From Healthy Scans to Annotated Tumors: A Tumor Fabrication Framework for 3D Brain MRI Synthesis
Nayu Dong, Townim Chowdhury, Hieu Phan, Mark Jenkinson, Johan Verjans, Zhibin Liao
TL;DR
The paper tackles the scarcity of annotated MRI tumor data by introducing Tumor Fabrication (TF), a two-stage framework that turns healthy 3D brain scans into realistic tumor-bearing images with paired labels using only a small set of real tumor data.
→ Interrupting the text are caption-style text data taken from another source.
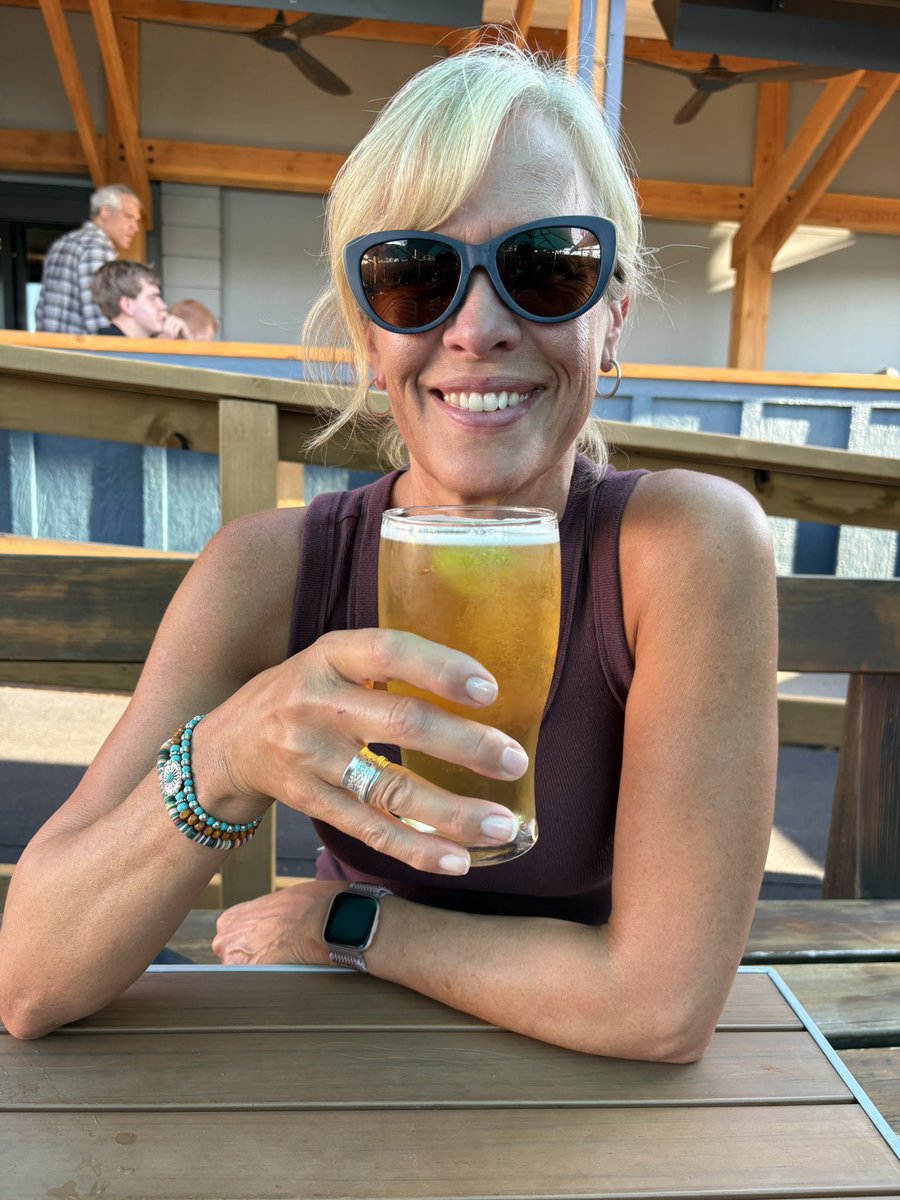 pastiscam's tweet photo. Post Myra Falls swim beers at @BeachFireBrew with an added bonus of the @craftbrewjester to round out a fantastic day!! 
@IAmCarlJensen @GordieLogan @gord_newton @StonerMay @BCAleTrail 
#BCCraftBeerQuest 
#IPromiseTheresBeerLeft https://t.co/Mu4FErx8fr
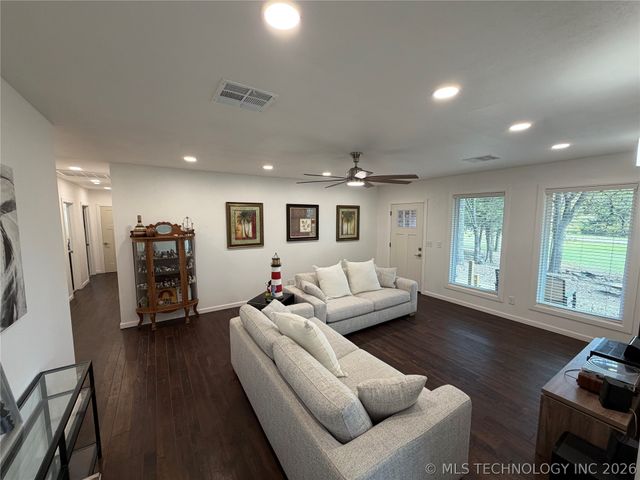 60 N Timberlane Cove Road, Cleveland, OK 74020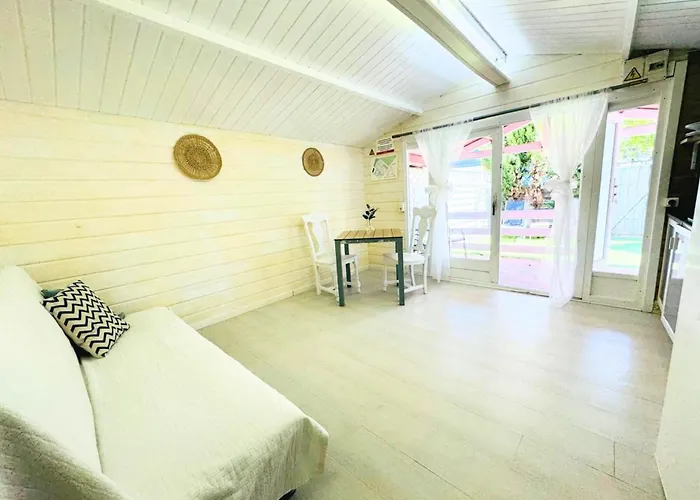 Annie Hall Holiday home Oliva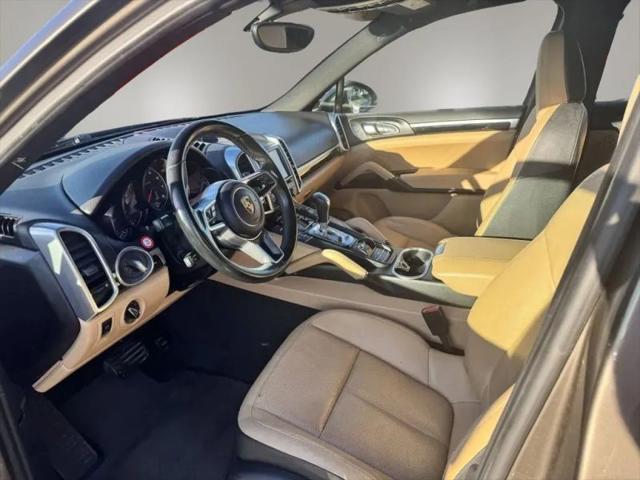 2016 Porsche Cayenne Base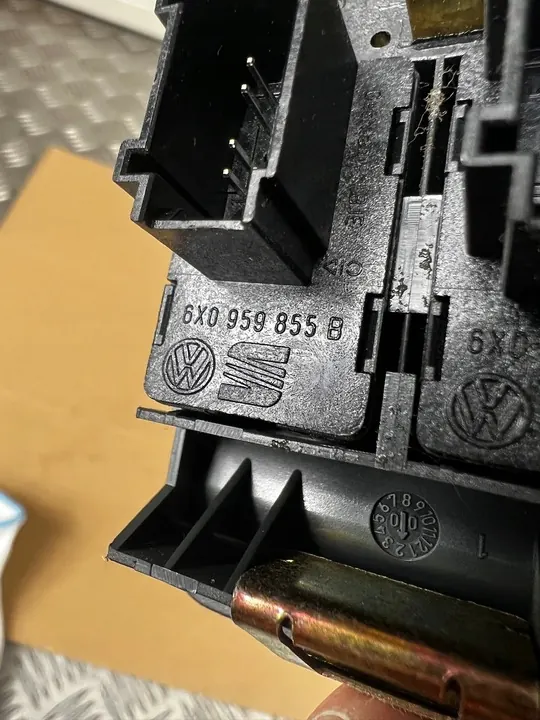 Raambediening bestuurderszijde VW Polo III 6N2 99-01 6N0959549A image 3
TF-Aug generates coarse image–label pairs through ROI-based augmentation on healthy scans, and TF-GAN refines these into high-fidelity tumor-bearing volumes with a dual-head discriminator and class-wise perceptual guidance. Across BraTS 2023, TF data enrichment yields statistically significant segmentation gains in low-data regimes, outperforming CarveMix and Pix2Pix baselines and demonstrating robustness to varying synthetic data volumes. The results highlight the practical potential of leveraging abundant healthy data to enrich supervised learning in clinical AI, while acknowledging limitations in edema realism and mass-effect modeling and outlining directions for more realistic, customizable synthesis.
Abstract
The scarcity of annotated Magnetic Resonance Imaging (MRI) tumor data presents a major obstacle to accurate and automated tumor segmentation. While existing data synthesis methods offer promising solutions, they often suffer from key limitations: manual modeling is labor intensive and requires expert knowledge. Deep generative models may be used to augment data and annotation, but they typically demand large amounts of training pairs in the first place, which is impractical in data limited clinical settings. In this work, we propose Tumor Fabrication (TF), a novel two-stage framework for unpaired 3D brain tumor synthesis. The framework comprises a coarse tumor synthesis process followed by a refinement process powered by a generative model. TF is fully automated and leverages only healthy image scans along with a limited amount of real annotated data to synthesize large volumes of paired synthetic data for enriching downstream supervised segmentation training. We demonstrate that our synthetic image-label pairs used as data enrichment can significantly improve performance on downstream tumor segmentation tasks in low-data regimes, offering a scalable and reliable solution for medical image enrichment and addressing critical challenges in data scarcity for clinical AI applications.